Tayyip Erdoğan hakkında bu köşede kaleme aldığımız yazılarda ısrarla ‘Başbakan’ yerine ‘BOP Eşbaşkanı’ sıfatını kullanmamıza, AKP’li olduğunu zannettiğimiz bazı okurlarımız fena bozuluyorlardı.
Gelen e-postaların içeriği genelde şöyleydi:
- “Tamam sevmeyebilirsin, beğenmeyebilirsin, ama o Türkiye’nin Başbakanı. Neden Başbakan sıfatını kullanmıyor da, hakaret eder gibi hep BOP Eş başkanı diyorsun. Bir Müslümanın, bir Müslümana böyle hitap etmesi doğru mu?”
Biz de kendilerine şu cevabı veriyorduk:
- “Peki, Müslüman olan ve Türkiye Cumhuriyeti Başbakanı sıfatını taşıyan bir kişinin, aynı zamanda Amerika-İsrail patentli Büyük Ortadoğu Projesi’nde Eş başkan olması doğru mu?”
Kaldı ki Erdoğan’ın ‘BOP Eşbaşkanı’ olduğunu biz söylemiyorduk.
Tam yedi defa, bizzat kendisi itiraf ediyordu.
* * *
Tayyip Erdoğan, daha önce yaptığı konuşmalarda aynen şöyle diyordu:
- “Şu anda Büyük Orta Doğu Projesi var ya, bu proje içerisinde Diyarbakır bir merkez, bir yıldız olabilir.” (16 Şubat 2004:)

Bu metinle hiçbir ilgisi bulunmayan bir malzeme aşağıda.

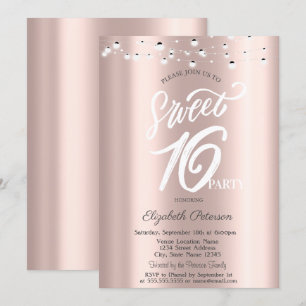Einfache Elegante String Lights Rose Gold Sweet 16 Einladung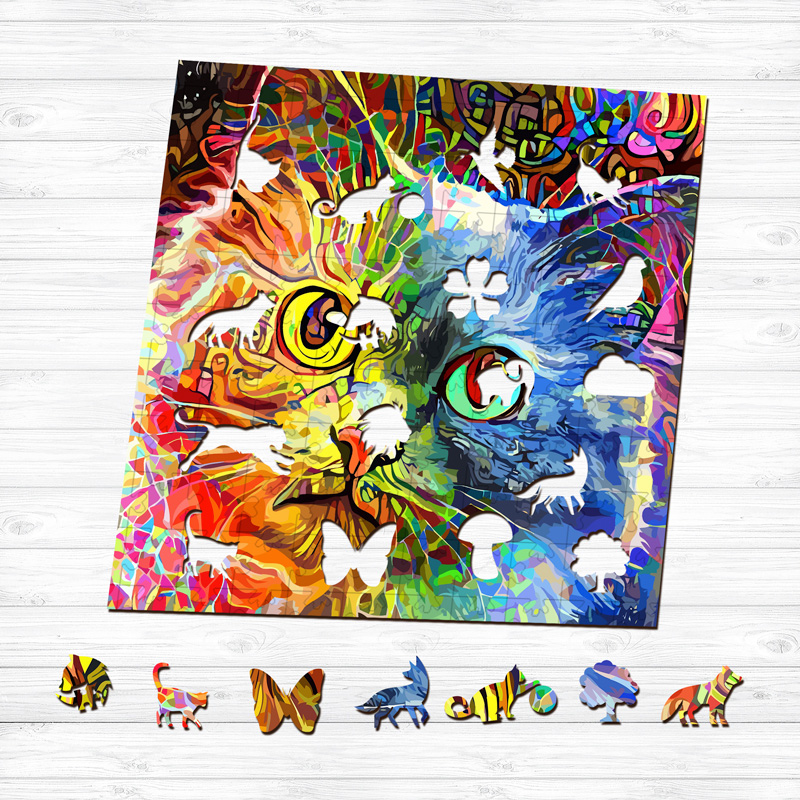 Colorful Cat Wooden Jigsaw Puzzle - aimpuzzle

- “Geniş Büyük Orta Doğu Projesi’nde demokratik ortak olarak bir görev üstlendik. Şu anda Orta Doğu coğrafyası üzerindeki ülkelere yapmış olduğumuz ziyaretler de, bunun açık, net örnekleridir.” (8 Haziran 2005)
- “Türkiye’nin Orta Doğu’da bir görevi var. Biz BOP’un eşbaşkanlarından biriyiz. Bu görevi yapıyoruz.” (4 Mart 2006)

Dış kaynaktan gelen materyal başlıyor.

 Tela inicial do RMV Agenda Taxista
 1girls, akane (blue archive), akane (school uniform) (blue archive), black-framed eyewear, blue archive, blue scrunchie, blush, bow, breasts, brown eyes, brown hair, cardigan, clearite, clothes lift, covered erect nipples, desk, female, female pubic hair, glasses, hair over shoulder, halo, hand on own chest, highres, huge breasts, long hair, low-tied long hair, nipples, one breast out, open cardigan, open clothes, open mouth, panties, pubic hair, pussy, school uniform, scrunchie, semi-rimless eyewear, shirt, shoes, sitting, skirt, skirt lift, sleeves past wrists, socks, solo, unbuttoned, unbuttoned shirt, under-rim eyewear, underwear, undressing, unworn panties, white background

Erdoğan, 13 Ocak Salı günü AKP’nin haftalık grup toplantısında yaptığı konuşmada ise, aynen şu ifadeleri kullandı:
- “Büyük Orta Doğu Projesinin amacı bellidir. O amaçlar içerisinde Türkiye’nin üstlendiği görev de bellidir. BOP, barış, huzur, insan hakları, hukukun üstünlüğü, ileri demokrasi ve ekonomik kalkınma, kadın hakları ve eğitim özgürlüğünü daha yukarılara taşımak amacıyla atılmış bir adımdır. Burada Türkiye’ye de bir görev verildi ve biz bu görevi üstlendik.”
* * *
Büyük Orta Doğu Projesi ya da yeni ismiyle Genişletilmiş Orta Doğu ve Kuzey Afrika Projesi’nin ne olduğu, ABD Dışişleri Bakanı Condoleezza Rice tarafından 7.08.2003 tarihinde Washington Post için kaleme alınan bir yazıda şöyle açıklanıyor:
-“Fas’tan Basra Körfezi’ne, oradan Orta Asya steplerine kadar 24 ülkenin rejimlerini, sınırlarını ve haritalarını değiştirmek.”

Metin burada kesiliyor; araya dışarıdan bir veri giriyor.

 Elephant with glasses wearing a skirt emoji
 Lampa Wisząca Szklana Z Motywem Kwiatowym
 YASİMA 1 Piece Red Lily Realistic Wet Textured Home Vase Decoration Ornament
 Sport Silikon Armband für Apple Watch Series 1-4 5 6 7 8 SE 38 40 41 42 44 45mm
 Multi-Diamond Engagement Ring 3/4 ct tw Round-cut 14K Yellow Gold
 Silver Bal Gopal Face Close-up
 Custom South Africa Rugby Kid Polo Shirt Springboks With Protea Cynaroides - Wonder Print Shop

Projenin ve nihai hedefi ise, önce Irak’ın kuzeyindeki temelleri atılan ‘Yahudi-Kürt’ devletini ilan etmek, sonra İran, Suriye ve Türkiye’den koparılacak parçaları bu devletçiğe monte ederek bir ‘Birleşik Kürdistan’ devleti oluşturmak, nihayet bu kukla devleti ve ‘arz-ı mevud’ toprakları içinde ortaya çıkacak diğer ‘site/şehir’ devletçiklerini, ‘Büyük İsrail’ şemsiyesi altında birleştirmek.
Nitekim, “Ortadoğu’nun yıldızı olacak” denilen Diyarbakır, ABD Silahlı Kuvvetler dergisinde yayınlanan haritalarda, ‘Yahudi-Kürt Devleti’nin sınırları içerisinde gösteriliyor.
Aynı haritalar, NATO toplantılarında da sık sık gündeme getiriliyor.
* * *
Şimdi soruyoruz:
‘BOP Eşbaşkanlığı’ görevi, Tayyip Erdoğan’a kim veya kimler tarafından nasıl verildi?
Erdoğan, nihai hedefi Türkiye’yi de bölüp parçalamak olan bir projede, ‘Eşbaşkan’ olarak görev alarak alenen suç işlemiyor mu?
Savcılar, olaya el koymak için daha ne bekliyor?